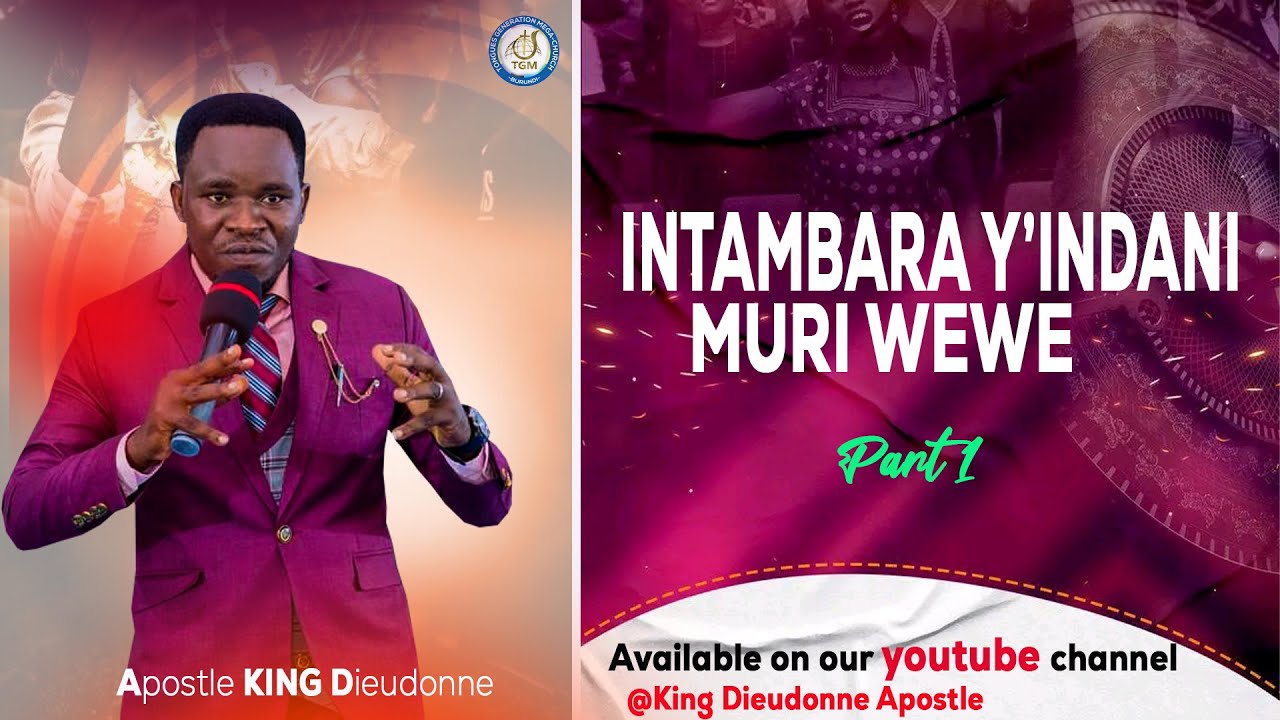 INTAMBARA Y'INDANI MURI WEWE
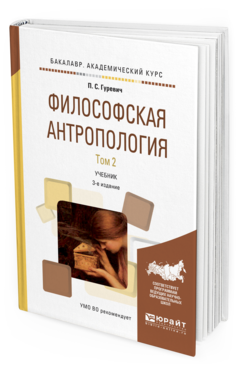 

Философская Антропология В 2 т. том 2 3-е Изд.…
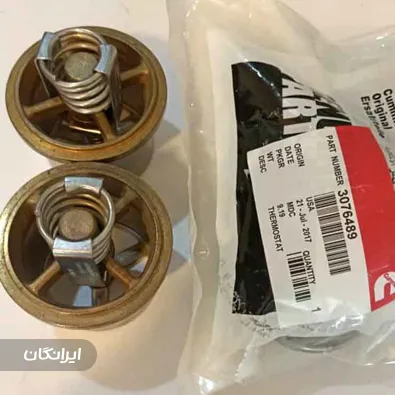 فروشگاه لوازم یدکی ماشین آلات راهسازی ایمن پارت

□ □ □

Drop the images and return the data verbatim.

= Worked solution =
 INTAMBARA Y'INDANI MURI WEWE

Философская Антропология В 2 т. том 2 3-е Изд.…
 فروشگاه لوازم یدکی ماشین آلات راهسازی ایمن پارت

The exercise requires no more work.